Relax your specifications there.
The inode passthrough
devices:
- /dev/dri:/dev/dri
For the container, you’ll want ( I use LXC instead of docker – translate these)
config:
nvidia.driver.capabilities: all
nvidia.require.cuda: "true"
nvidia.runtime: "true"
devices:
gpu:
gid: "110"
type: gpu
which aligns with:
[chuck@lizum ~.2018]$ ls -la /dev/dri
total 0
drwxr-xr-x 3 root root 140 Nov 8 18:21 ./
drwxr-xr-x 22 root root 5800 Nov 19 13:28 ../
drwxr-xr-x 2 root root 140 Nov 19 13:28 by-path/
crw-rw----+ 1 root render 226, 1 Nov 19 13:28 card1
crw-rw----+ 1 root render 226, 2 Nov 19 13:28 card2
crw-rw----+ 1 root render 226, 128 Nov 19 13:28 renderD128
crw-rw----+ 1 root render 226, 129 Nov 19 13:28 renderD129
[chuck@lizum ~.2019]$ ls -lan /dev/dri
total 0
drwxr-xr-x 3 0 0 140 Nov 8 18:21 ./
drwxr-xr-x 22 0 0 5800 Nov 19 13:28 ../
drwxr-xr-x 2 0 0 140 Nov 19 13:28 by-path/
crw-rw----+ 1 0 110 226, 1 Nov 19 13:28 card1
crw-rw----+ 1 0 110 226, 2 Nov 19 13:28 card2
crw-rw----+ 1 0 110 226, 128 Nov 19 13:28 renderD128
crw-rw----+ 1 0 110 226, 129 Nov 19 13:28 renderD129
[chuck@lizum ~.2020]$
I’m currently running 550.120 successfully
@ChuckPa thanks for the clues! Adding /dev/dri seems to be the key.

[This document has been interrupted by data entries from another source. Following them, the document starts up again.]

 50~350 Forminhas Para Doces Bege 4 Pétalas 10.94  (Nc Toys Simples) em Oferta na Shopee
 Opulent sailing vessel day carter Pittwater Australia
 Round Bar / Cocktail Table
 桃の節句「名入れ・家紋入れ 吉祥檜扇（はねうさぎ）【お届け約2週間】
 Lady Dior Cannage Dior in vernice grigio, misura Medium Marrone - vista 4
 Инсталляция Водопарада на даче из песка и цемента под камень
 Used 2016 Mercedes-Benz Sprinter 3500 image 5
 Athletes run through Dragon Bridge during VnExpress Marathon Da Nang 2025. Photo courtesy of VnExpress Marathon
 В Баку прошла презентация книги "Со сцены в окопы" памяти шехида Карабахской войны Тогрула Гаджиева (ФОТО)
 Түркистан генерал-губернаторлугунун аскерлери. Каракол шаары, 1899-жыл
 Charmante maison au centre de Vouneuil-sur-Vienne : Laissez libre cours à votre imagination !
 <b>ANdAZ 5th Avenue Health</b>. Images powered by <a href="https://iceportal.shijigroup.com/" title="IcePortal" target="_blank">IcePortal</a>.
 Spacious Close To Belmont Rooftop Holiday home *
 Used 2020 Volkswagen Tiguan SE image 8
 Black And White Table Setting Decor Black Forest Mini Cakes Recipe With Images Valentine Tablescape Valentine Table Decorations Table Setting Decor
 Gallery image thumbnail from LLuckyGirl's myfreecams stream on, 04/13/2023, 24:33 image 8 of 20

I saw that mentioned in the “Intel Quick Sync Hardware Transcoding Support” section so I figured that was just for Quick Sync – which I don’t have. Especially when NVIDIA HW transcode was “working” outside of the device not showing up in the list. But adding /dev/dri now has my NVIDIA cards showing on both systems I run. ![]()
Hopefully that lets me try the HEVC release once the 301 loop clears. ![]()
Just checking(maybe I missed it), however on macOS as my server, I am NOT seeing the available/selected GPU. Is this expected behavior? I am running the preview build on an M4 Pro Mac Mini. I see the other options for HEVC, just not a GPU selector and had assumed it’s because it only has the built-in one.